I'm wondering how to show that $f = X^6 - 6125 \in\mathbb{Q}[X]$ is irreducible. Since $f$ is monic I tried to look at it in $\mathbb{Z}[X]$ and even further look at it as
$$ \bar f =X ^6+1 \in \mathbb{F}_3[X] $$
$\bar f$ has no roots in $\mathbb{F}_3$, but it may be written as a product of polynomials $g, h$ of degree (2, 4) or (3, 3). I'd prefer not to determine the irreducible polynomials in $\mathbb{F}_3[X]$ if degree 2, 3, 4. Is there an easier way to approach this problem?
On
It is irreducible modulo $p = 13$, where it reads $f = x^{6} + 2$.

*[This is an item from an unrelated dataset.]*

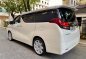 Sell Pearl White 2016 Toyota Alphard in Manila-8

Clearly this polynomial has no root in $F = \operatorname{GF}(13)$, as the only 6-th powers in $F^{*}$ are $1, -1$.
Then it is only a matter to check that $x$ has period $6 \cdot 12 = 72$ modulo $f$, as $-2$ has period $12$ in $F^{*}$.
If $f$ could be factored as a product of polynomials of lesser degrees, the possibilities are $6 = 2 + 2 + 2 = 3 + 3 = 2 + 4$.
But $72$ does not divide $p^{2} -1$, $p^{3} - 1$, $\operatorname{lcm}(p^{2} - 1, p^{4} - 1)$.
We may check that such polynomial is irreducible over $\mathbb{F}_{13}$, hence it is irreducible over $\mathbb{Q}$, too.
Indeed, over $\mathbb{F}_{13}$ the polynomial $x^6+1$ factors as $\prod_{k=1}^{6}(x-q_k)$ where the set of $q_k$s is the set of non-quadratic residues $\!\!\pmod{13}$, but $x^6-6125=x^6-2$ and $2$ is neither a quadratic or a cubic residue $\!\!\pmod{13}$, such that the degree of the splitting field of $p(x)$ over $\mathbb{F}_{13}$ is six.